▶ [Work to complete]
The lines from the one holding "Bottega Veneta Cat" through the end of the records below are to be written out exactly, and nothing else; pictures are to be left out.

▶ [The data]
%%

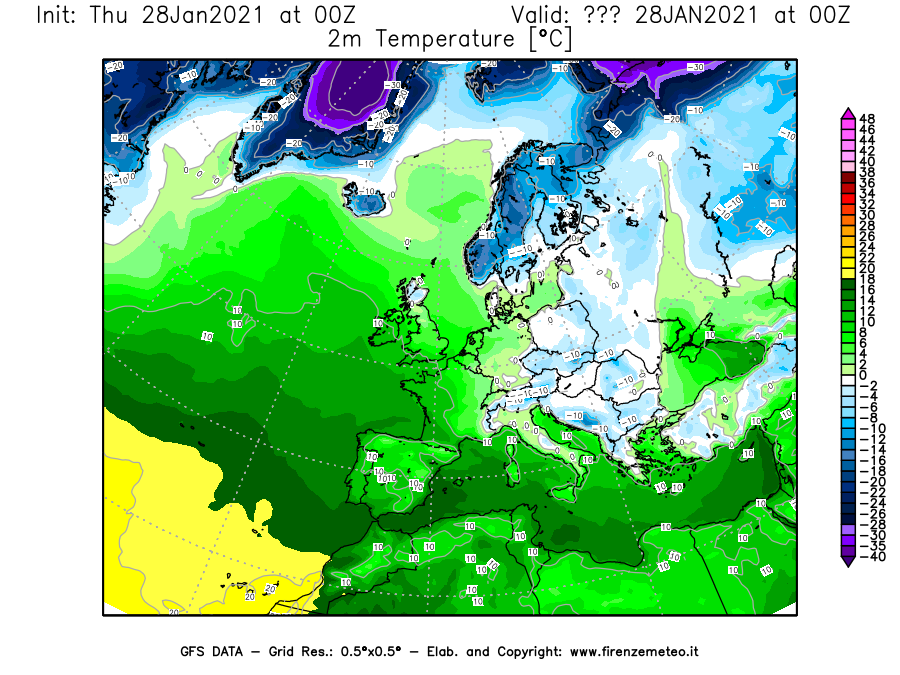 Mappa di analisi GFS - Temperatura a 2 metri dal suolo [°C] in Europa
									del 28/01/2021 00 <!--googleoff: index-->UTC<!--googleon: index-->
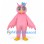 Owl Mascot Costume in Pink with Gray Eye Rings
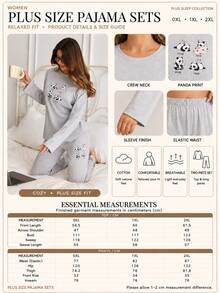 SHEIN Cotton Line Women Plus Size Panda Print Round Neck Long Sleeve Top & High Waist Comfy Pants - Grey - View 3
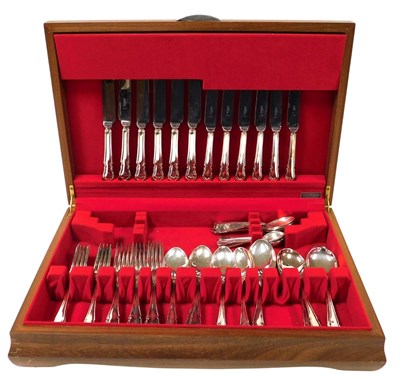 Lot 81 - A silver-plated Dubarry pattern canteen of...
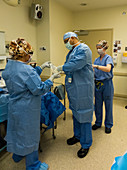 Surgeon preparing for surgery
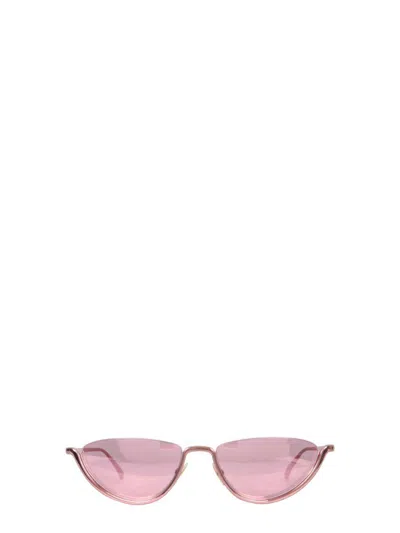 Bottega Veneta Cat Eye Half-rim Sunglasses In Gold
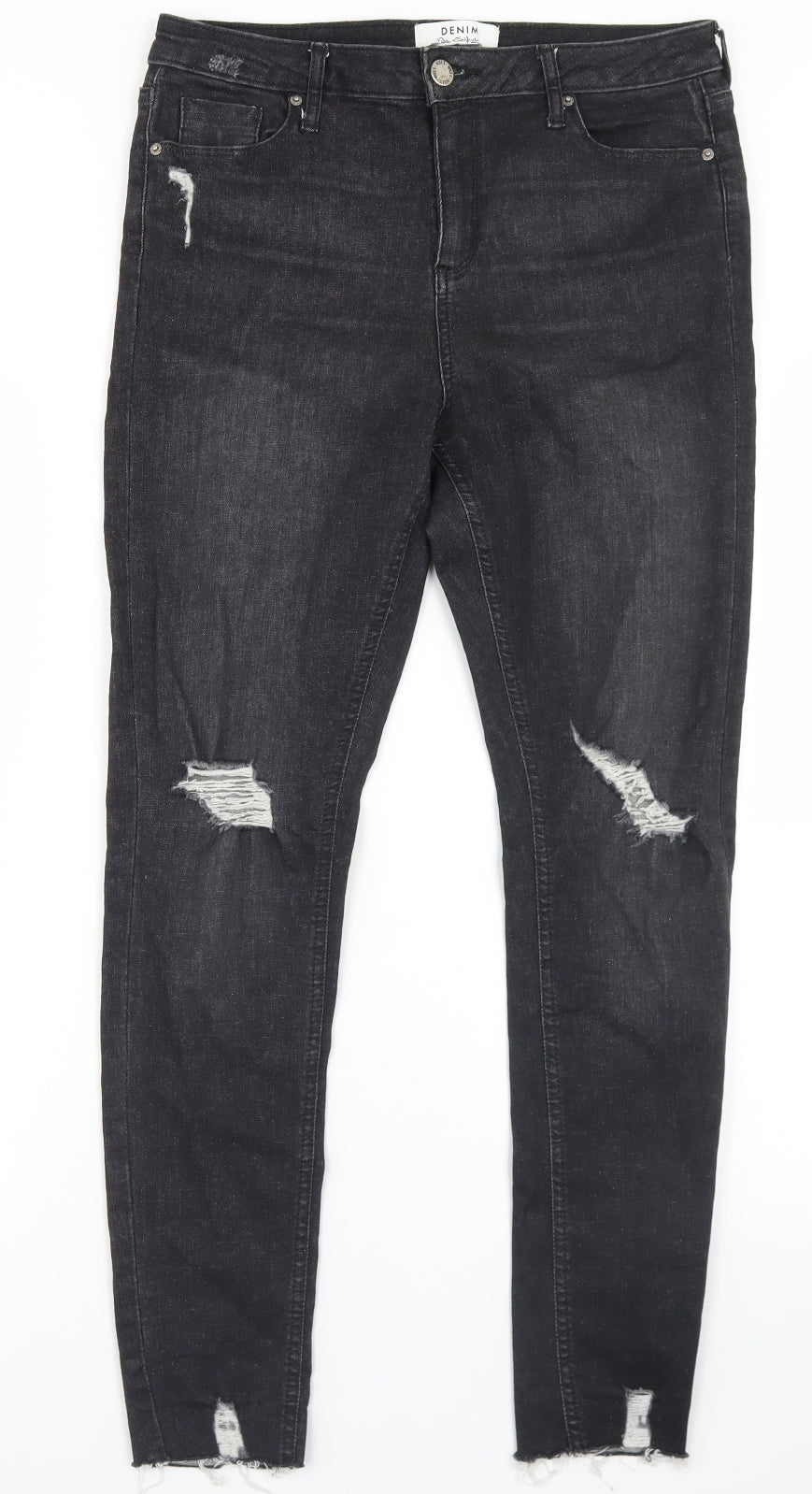 Miss Selfridge Womens Black  Cotton Skinny Jeans Size 12 L27 in Regular Button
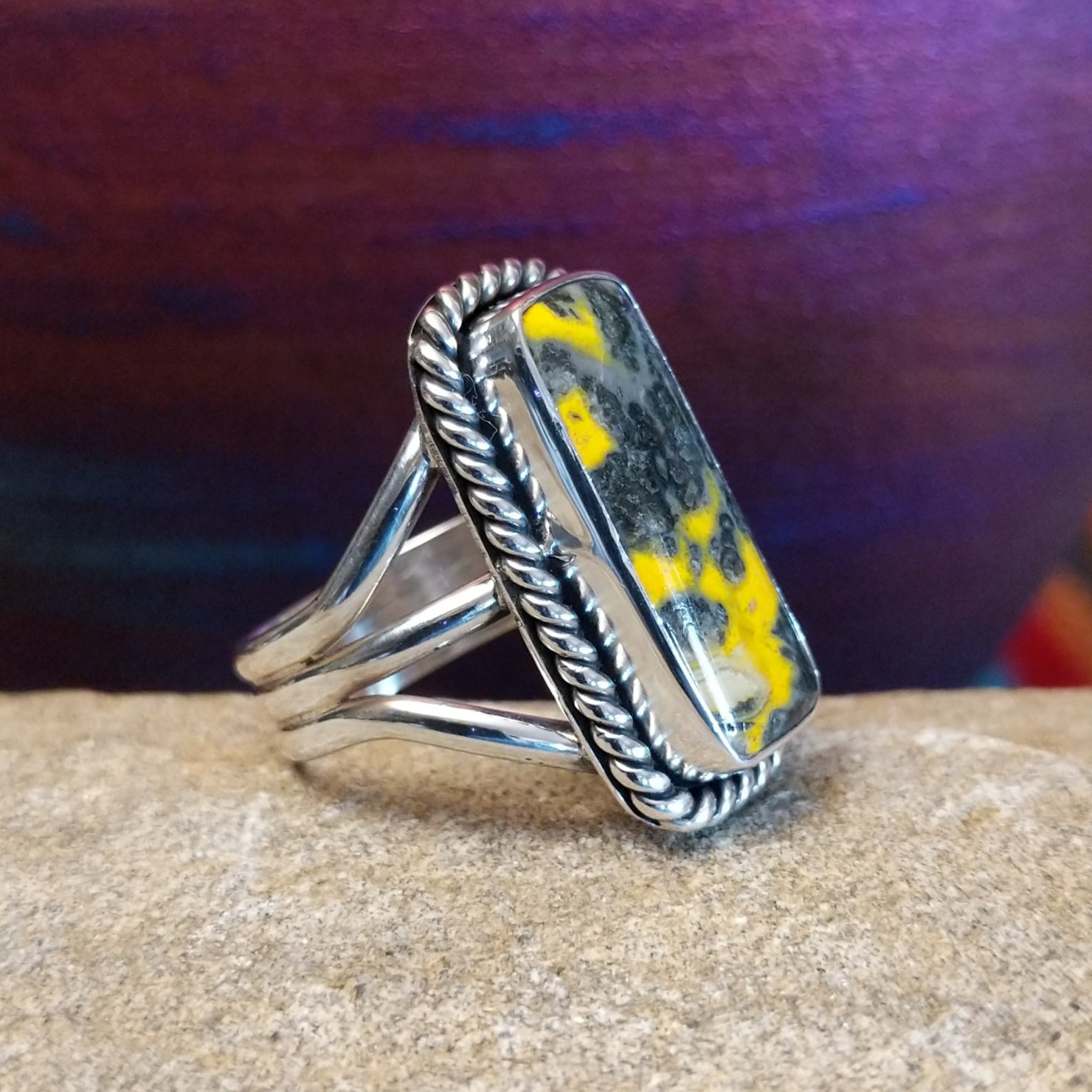 Bumblebee Jasper Rectangle Ring by Terry Wood GJ-RNG-0105 Size 8.25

%%

▶ [Task response]
 Bottega Veneta Cat Eye Half-rim Sunglasses In Gold
 Miss Selfridge Womens Black  Cotton Skinny Jeans Size 12 L27 in Regular Button
 Bumblebee Jasper Rectangle Ring by Terry Wood GJ-RNG-0105 Size 8.25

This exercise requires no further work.